Despite an oft-reported glut of unused cargo containers lying idle around U.S. ports and ship yards – estimates have ranged from 700,000 to 2 million – the Intermodal Steel Building Units and Container Homes Association puts the number closer to 12,000, including what’s sold on Craigslist and eBay.
Joel Egan, co-founder of HyBrid Architecture in Seattle, which has built cottages and office buildings from shipping containers for close to a decade and coined the term ” cargotecture” to describe this method of construction, warns that although containers can be bought for as little as $2,500, they shouldn’t be seen as a low-cost housing solution.
“Ninety-five percent of the cost still remains,” he says.
Here’s a few recent North American projects – including the new condo complex – where the shipping container takes center stage:
Exceptional Green Living on Rosa Parks, Detroit: Container to Condo
This 20-unit, four-story condo complex consisting of 93 stacked cargo containers – the first U.S. multi-family residence to be built from these discarded vessels – has been in the works for four years. Tabled when the national real estate market shattered, the project is now scheduled to break ground early next year in midtown Detroit. The units will come rigged with ductless heating and air systems, tankless water heaters and other energy-saving systems. “We’re putting money into these energy efficiencies so that the tenant has reduced energy costs,” says Leslie Horn, CEO of Three Squared, the project’s developer. “And we can build in less than half the time.”

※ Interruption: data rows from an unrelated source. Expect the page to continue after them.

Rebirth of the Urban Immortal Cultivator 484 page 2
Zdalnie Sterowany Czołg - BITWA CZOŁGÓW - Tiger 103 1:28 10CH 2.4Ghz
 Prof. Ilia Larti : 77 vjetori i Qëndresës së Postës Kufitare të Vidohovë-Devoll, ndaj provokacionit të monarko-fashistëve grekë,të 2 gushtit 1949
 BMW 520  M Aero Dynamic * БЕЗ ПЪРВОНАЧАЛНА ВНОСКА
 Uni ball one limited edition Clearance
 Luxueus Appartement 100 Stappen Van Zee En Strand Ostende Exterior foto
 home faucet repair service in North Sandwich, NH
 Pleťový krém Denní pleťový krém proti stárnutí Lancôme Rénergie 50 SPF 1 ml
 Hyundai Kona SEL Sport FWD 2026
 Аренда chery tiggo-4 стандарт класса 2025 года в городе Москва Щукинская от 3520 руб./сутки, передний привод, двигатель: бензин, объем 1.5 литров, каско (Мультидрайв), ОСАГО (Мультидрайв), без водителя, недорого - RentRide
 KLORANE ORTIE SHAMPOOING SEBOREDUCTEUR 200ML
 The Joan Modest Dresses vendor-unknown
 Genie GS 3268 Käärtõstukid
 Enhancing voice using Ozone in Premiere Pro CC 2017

The Sunset Cargotecture House, Seattle: Home Sweet Container
Image Credit: Photo by Thomas J. Story, Sunset Publishing Corp.
Built and designed by HyBrid Architecture as the Sunset magazine Idea House 2011, this 192-square-foot solar-powered backyard container cottage is not even half the size of a New York City studio apartment.
Still, it manages to pack in a galley kitchen and micro bathroom with a ceiling-mounted showerhead – the floor’s redwood slats hide a drain – and can sleep up to four (a bed unfolds from the wall, a couch converts, another bed can be added). But given the close quarters, it’s probably best if everyone’s related.